◆ TASK OBJECTIVE
Print the whole listing exactly as it appears, but skip the pictures.

◆ SOURCE INFORMATION
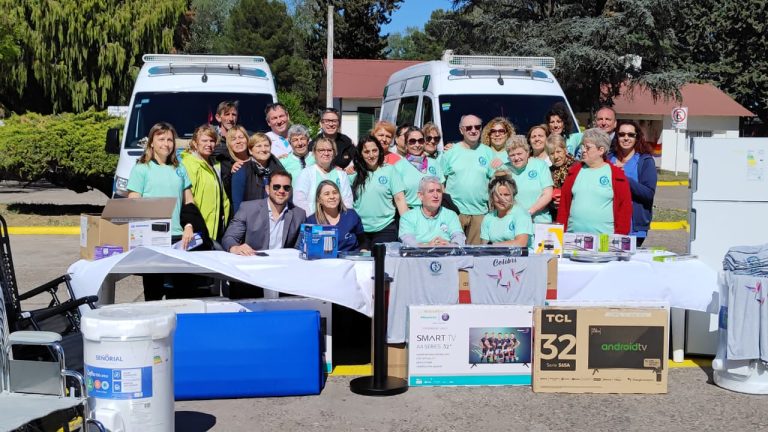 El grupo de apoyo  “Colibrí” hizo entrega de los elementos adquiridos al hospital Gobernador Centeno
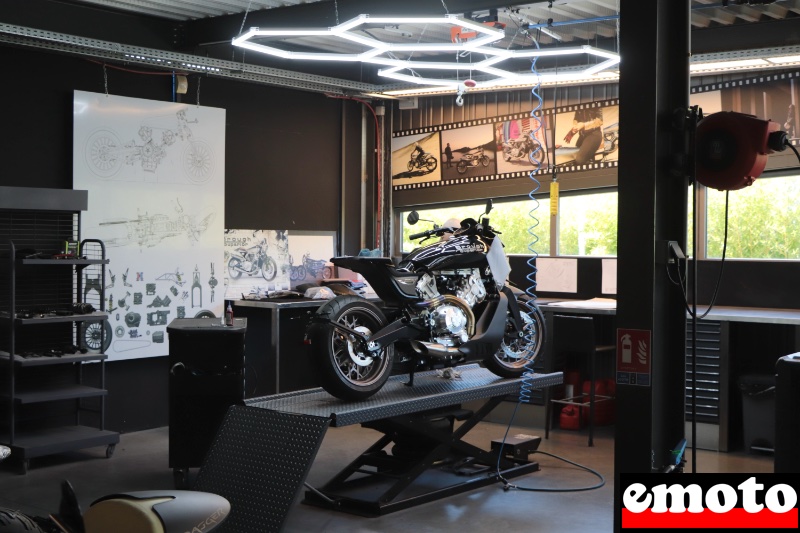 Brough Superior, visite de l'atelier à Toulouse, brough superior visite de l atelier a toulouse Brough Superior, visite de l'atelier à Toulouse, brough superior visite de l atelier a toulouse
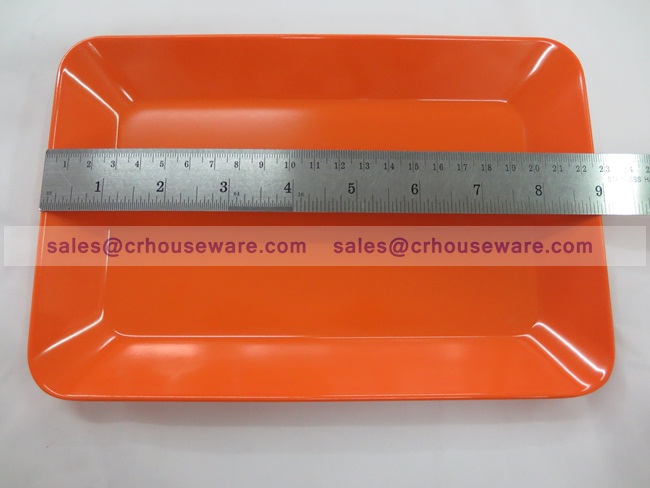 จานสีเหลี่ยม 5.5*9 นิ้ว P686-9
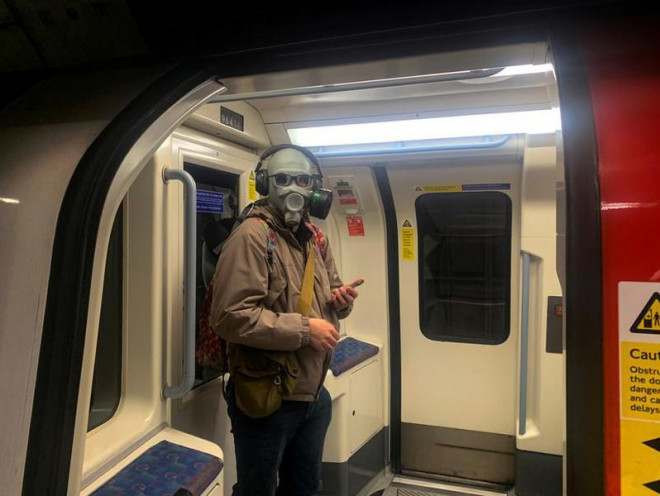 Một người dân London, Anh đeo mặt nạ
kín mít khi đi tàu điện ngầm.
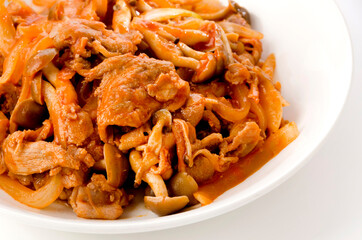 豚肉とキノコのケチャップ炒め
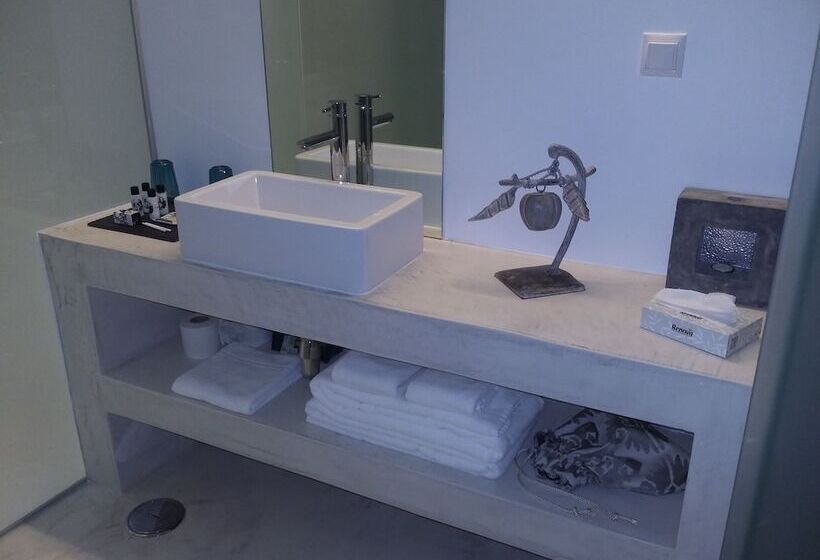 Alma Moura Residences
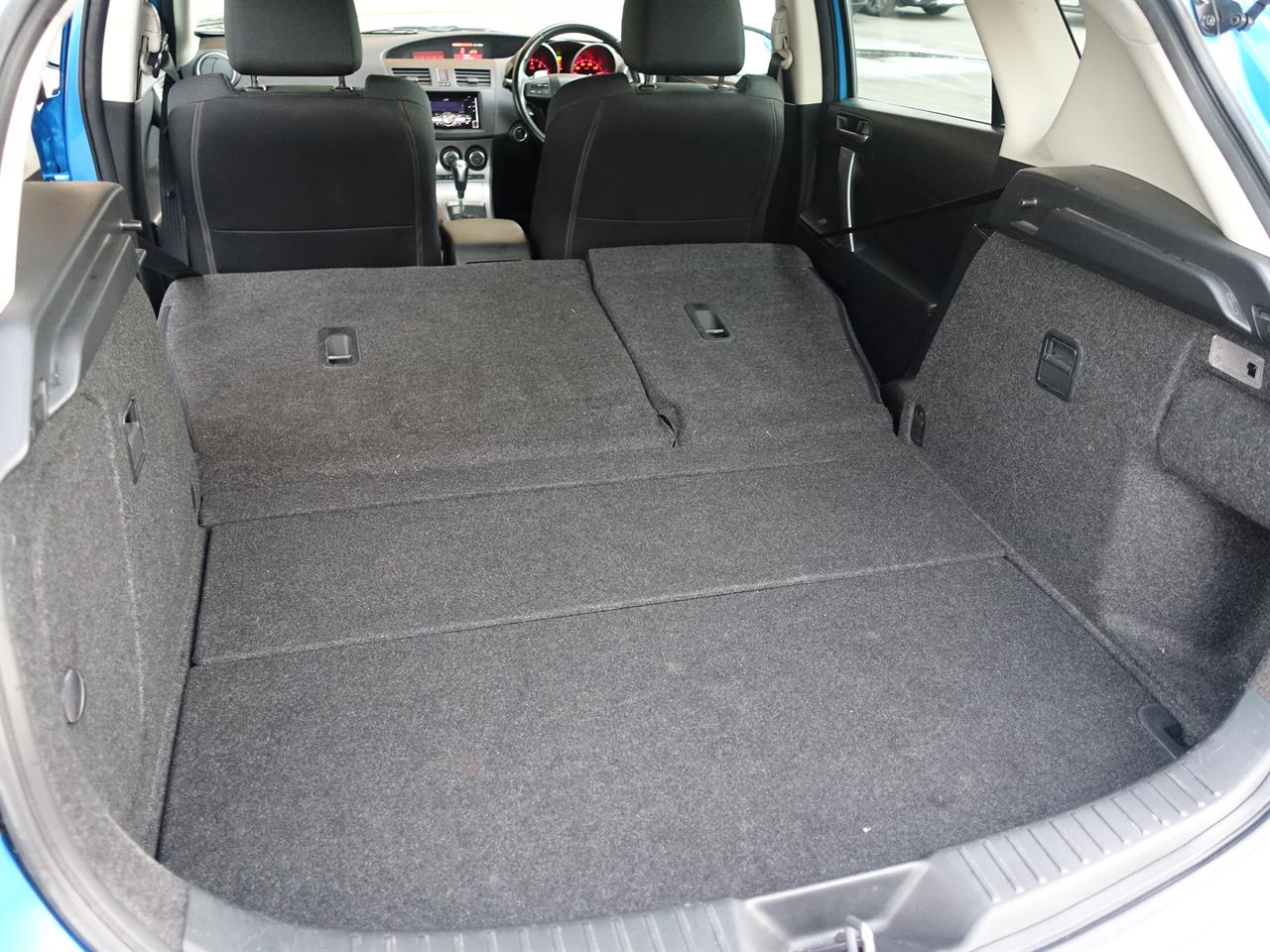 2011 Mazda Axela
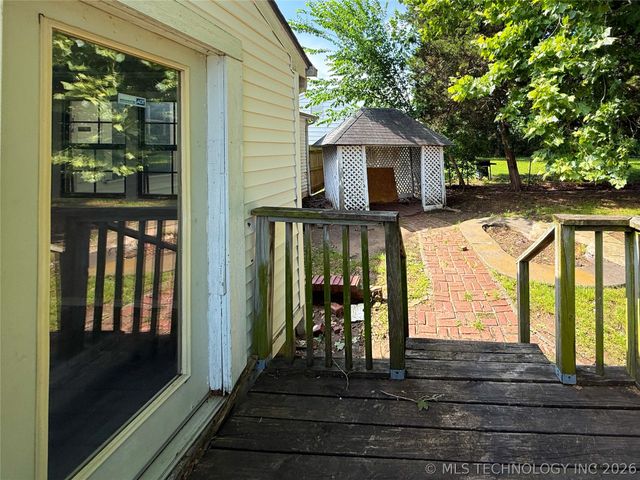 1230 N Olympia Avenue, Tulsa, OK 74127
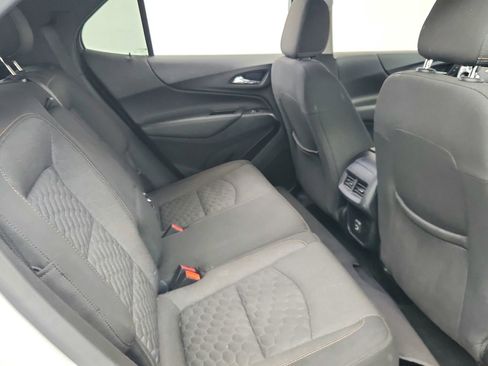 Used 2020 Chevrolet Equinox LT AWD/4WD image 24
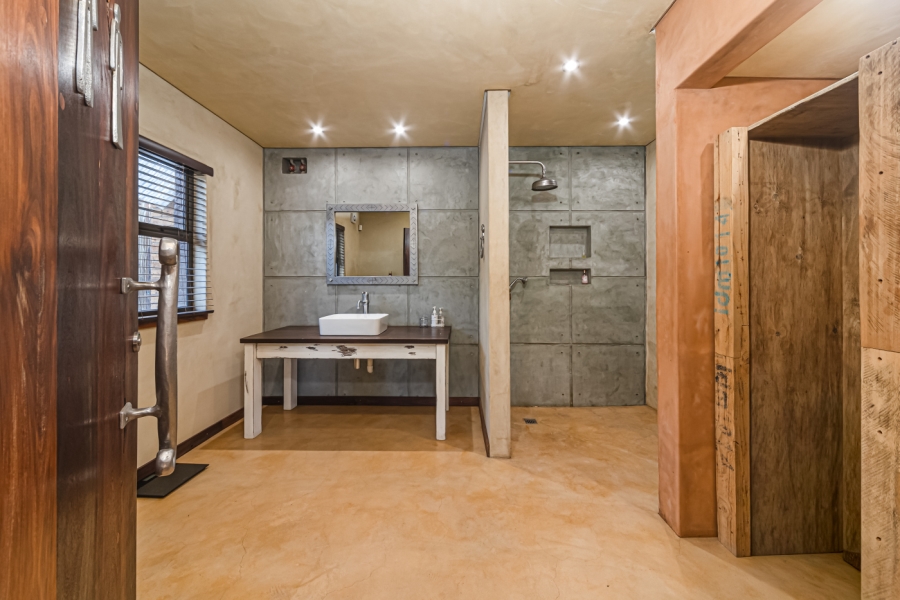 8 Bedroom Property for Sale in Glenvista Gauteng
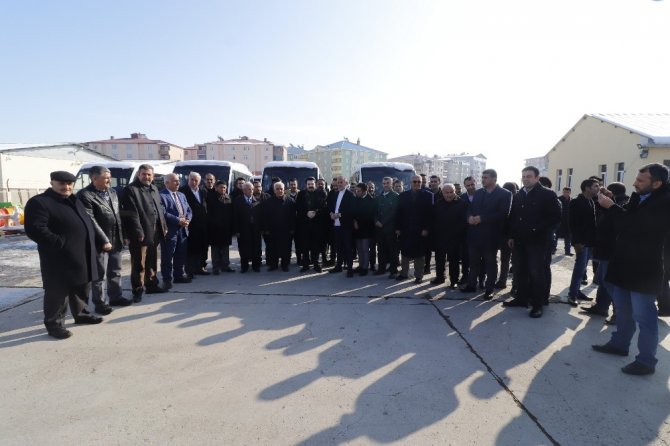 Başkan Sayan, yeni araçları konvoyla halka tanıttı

◆ YOUR SOLUTION
 El grupo de apoyo  “Colibrí” hizo entrega de los elementos adquiridos al hospital Gobernador Centeno
 Brough Superior, visite de l'atelier à Toulouse, brough superior visite de l atelier a toulouse Brough Superior, visite de l'atelier à Toulouse, brough superior visite de l atelier a toulouse
 จานสีเหลี่ยม 5.5*9 นิ้ว P686-9
 Một người dân London, Anh đeo mặt nạ
kín mít khi đi tàu điện ngầm.
 豚肉とキノコのケチャップ炒め
 Alma Moura Residences
 2011 Mazda Axela
 1230 N Olympia Avenue, Tulsa, OK 74127
 Used 2020 Chevrolet Equinox LT AWD/4WD image 24
 8 Bedroom Property for Sale in Glenvista Gauteng
 Başkan Sayan, yeni araçları konvoyla halka tanıttı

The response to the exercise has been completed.